Sunday Dinner: Glazed Baked Ham, Scalloped Potatoes and Raisin Bread Pudding for Dessert!
The Scalloped Potatoes would need approximately and hour and a half to cook, so I started there first. I considered doing au gratin potatoes, (potatoes cooked with cheese), but decided on going lighter. First, I sauteed some garlic in melted butter in a medium sized saucepan. Then I added flour, chopped fresh thyme, sea salt and freshly ground black pepper to taste. This would become my 'roux', or thickner, for my bechamel sauce for the potatoes. A roux is made by combining equal amounts of butter and flour, and cooking out the 'raw' taste of the flour. How long you cook it for depends on what you want to thicken with it. For a white bechamel sauce, and I'll explain what that is in a moment, you want the floury paste to be white. For soups, you might cook it a little longer to a beige colour. For gravies, cook even longer until it turns darker in colour.
Bechamel is a white sauce made from a roux of flour and butter with milk. It is one of the 'mother sauces' of French and Italian cuisine and can be used as a base for other sauces such as a Mornay Sauce, which is a bechamel with cheese, or Alfredo Sauce, which is a bechamel with parmesan and garlic. After cooking out the flour in butter with the seasonings, I gradually whisked in two and a half cups of 0.5% milk and let it come to a boil and thicken. In a lightly greased casserole dish, I layerd thinly sliced Yukon Gold potatoes and thinly sliced onion, and poured my Behcamel Sauce on top. I then baked the Scalloped Potatoes in a 350F oven for an hour, covered, and an additional half hour uncovered, so that the top would be golden in colour.

While I was preparing my potatoes, I placed my ham in a large pot of water, brought it to a boil, and then reduced the heat and let it simmer for about an hour. I then placed the ham in a roasting pan, glazed it with 'no sugar added' orange marmalade jam, inserted whole cloves into the top portion of the ham, and added pineapple rings and maraschino cherries. I baked the ham in the oven, uncovered, along with the Scalloped Potatoes for a half hour. Let me tell you, there are few things that smell more comforting and wonderful than Glazed Ham with cloves, marmalade, pineapple and maraschino cherries!

Last came the prep for my Raisin Bread Pudding. Bread pudding is a popular bread based pudding made all over the world in one form or another.

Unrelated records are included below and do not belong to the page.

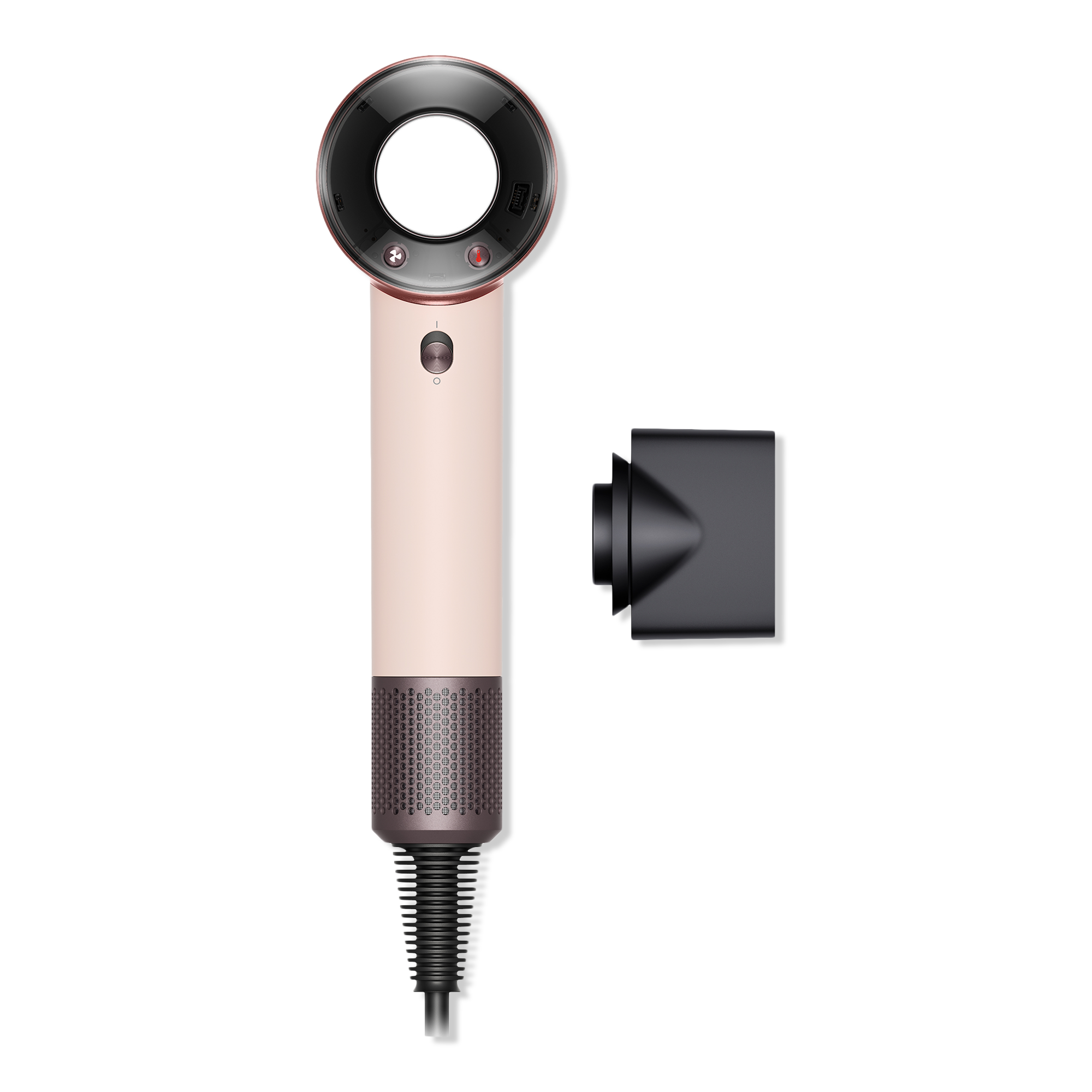 Supersonic Travel Hair Dryer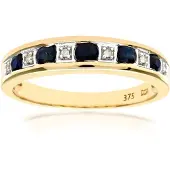 Diamant L'Eternel Bague or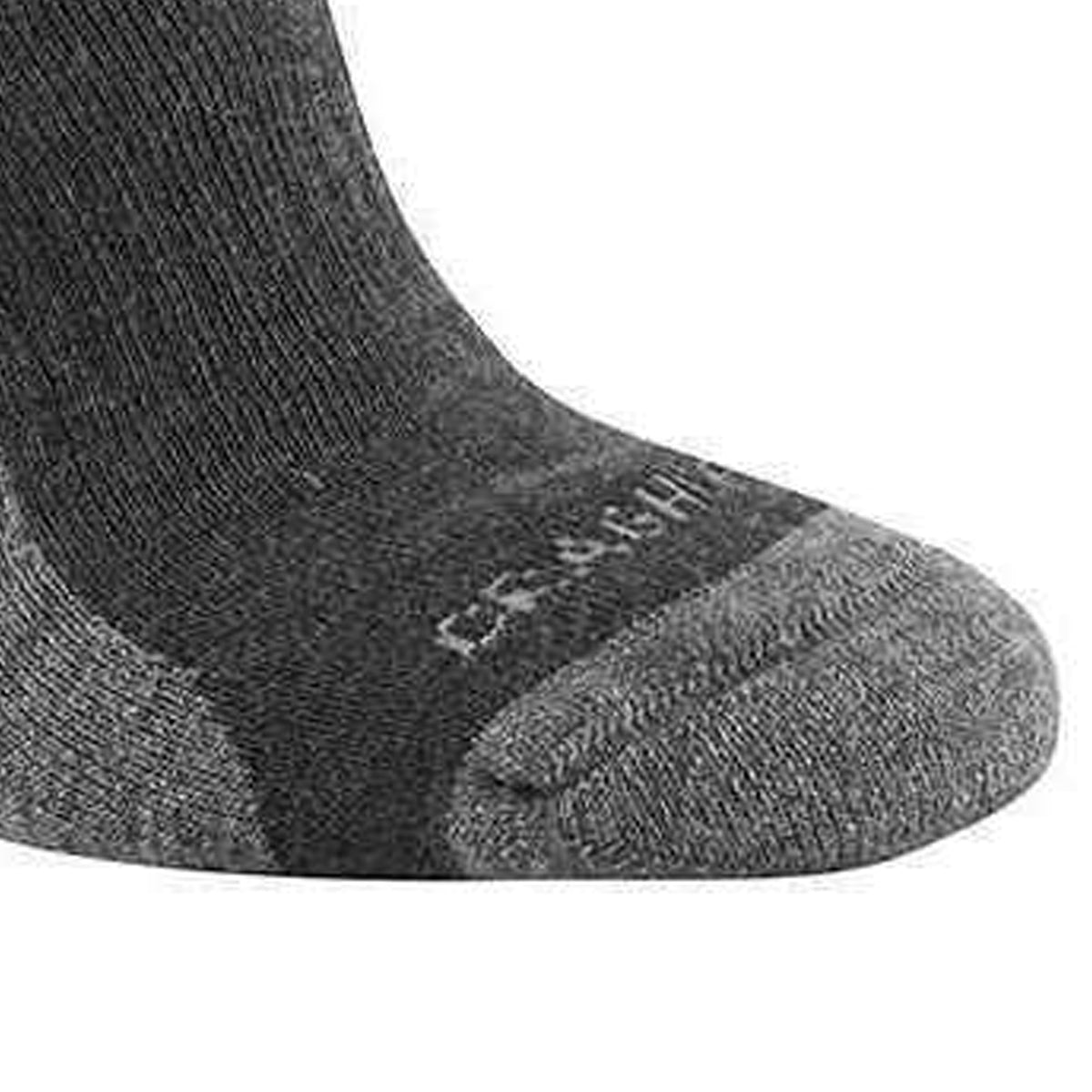 Black - Lifestyle - Craghoppers Mens Expert Trek Boot Socks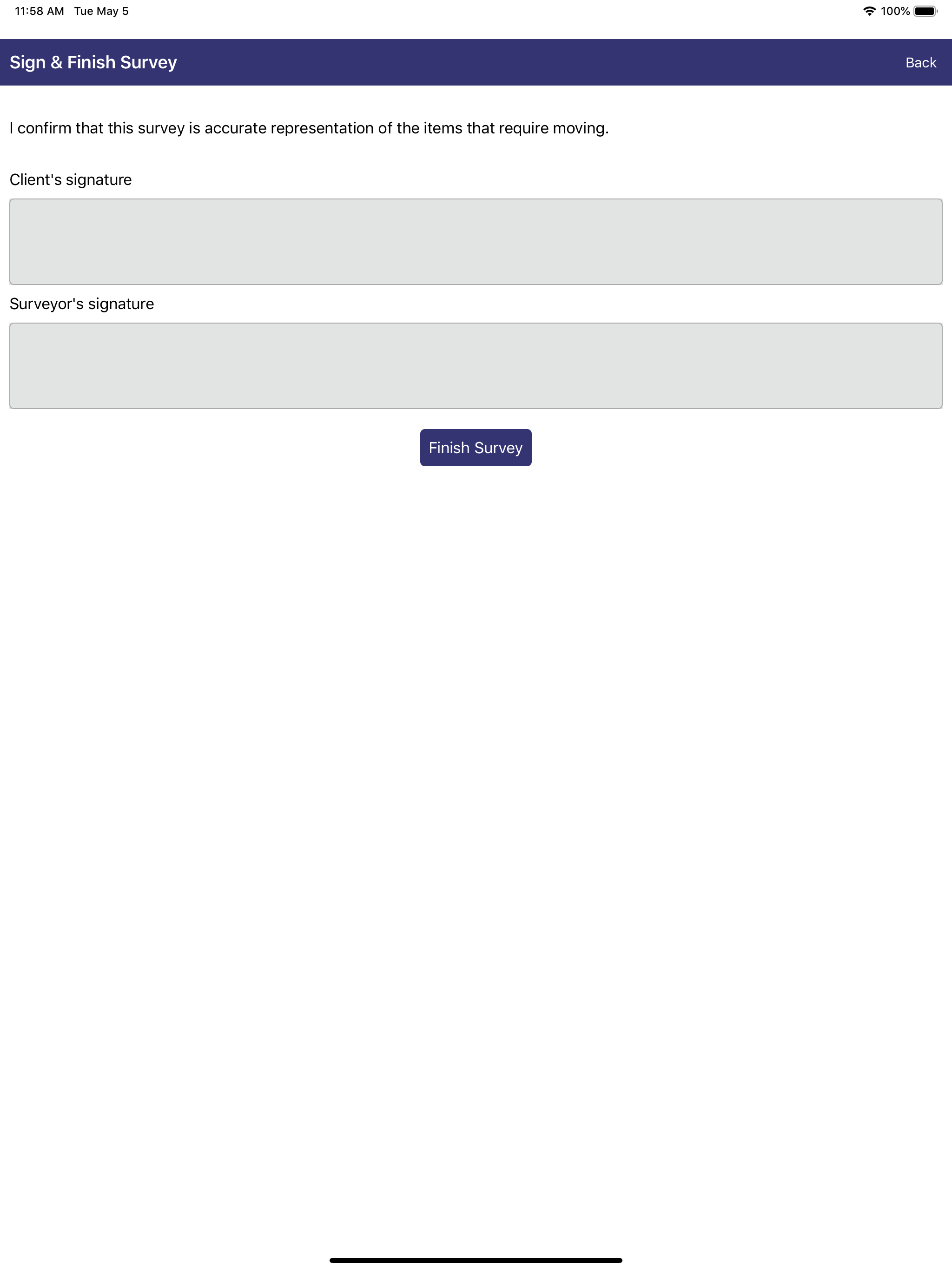 MoveMan Mobile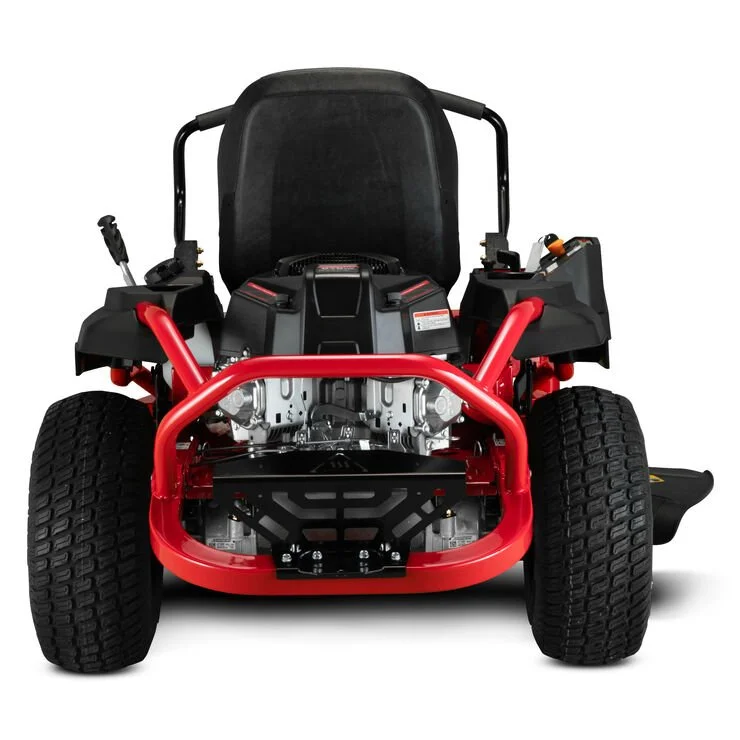 Troy-Bilt Mustang Z46 Zero-Turn Riding Lawn Mowers. - Image 3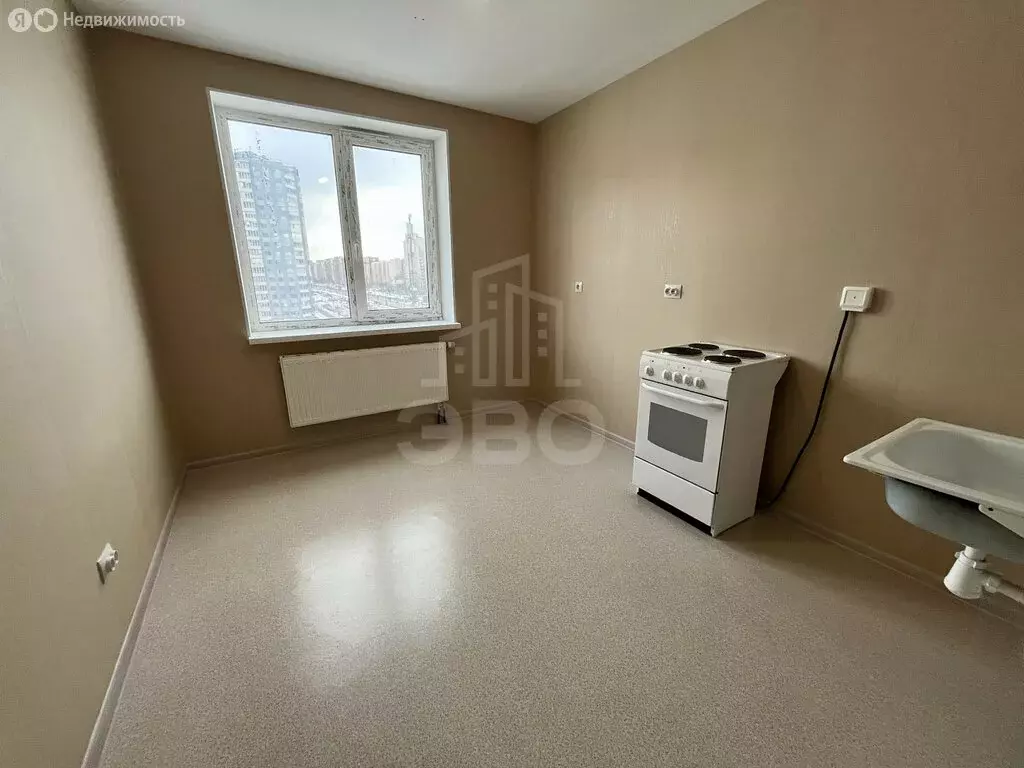 2-комнатная квартира: Санкт-Петербург, Ленинский проспект, 68 (59.5 м) - Фото 1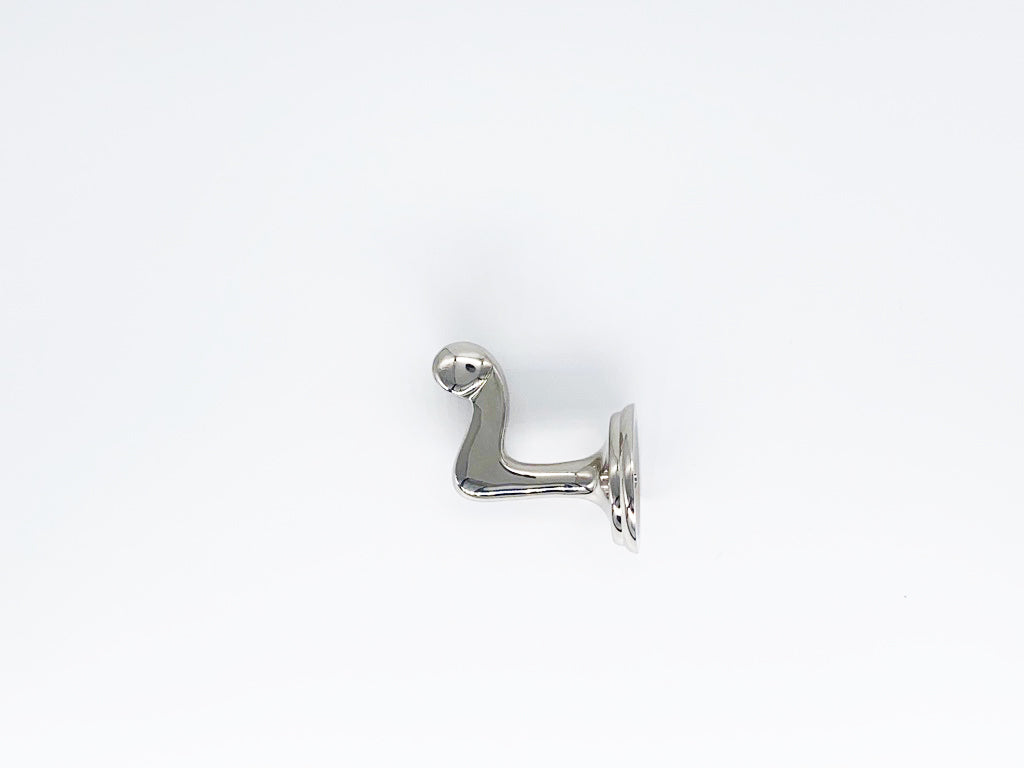 The Rateau Hooks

Food historians trace bread pudding back to early 11th and 12th centuries when frugal cooks looked for ways to use stale, leftover bread instead of letting it go to waste. In 13th century England, it was known as 'poor man's pudding' and was a popular dish amongst the lower classes. Nowadays, bread pudding has shed it's humble roots and is a popular featured dessert item on trendy restaurant menus aroud the globe.
To make Raisin Bread Pudding, butter 5-6 pieces of bread, cut the bread into cubes and sprinkle it into a large lightly greased casserole dish. Sprinkle in the raisins and a little cinnamon and then pour in a heated mixture of 0.5% milk, sugar, eggs and vanilla. The casserole dish then gets placed in a 'bain de Marie', which is, quite simply, a larger pan of water. This lets the pudding set and prevents it from drying out. We serve Raisin Bread Pudding with a little cold milk poured on top, but some prefer ice cream or perhaps a rum sauce.

While we waited for dinner to cook, my father and I took on my sister and mother in a game of cards. (Dad and I won!). My brother called and asked if we had enough food for one more, which, of course, we did. My youngest daughter, Mackenzie, was the only grandchild present and my husband, as well as my brother in law and sister in law, wasn't able to make dinner. At one point, after Mackenzie had eaten, there was just the 'original five' of mom, dad, my sister, Geri, my brother, Mike and myself sitting at the table. It occurred to us that it was probably the first time since Christmas 1980 that it ws just the five of us at the dinner table, which made the meal particularly memorable for me.
It was a delicious meal and there were enough leftovers for lunch, (and a piece of fried ham for breakfast for me), for today. The oven did most of the work which left plenty of time for cards and a glass of wine or two before eating. By using 0.5% milk, boiling the ham for an hour first, and minimizing the salt added, Sunday Dinner of Glazed Baked Ham, Scalloped Potatoes and Raisin Bread Pudding was easy, healthied-up, inexpensive AND, most certainly, delicious!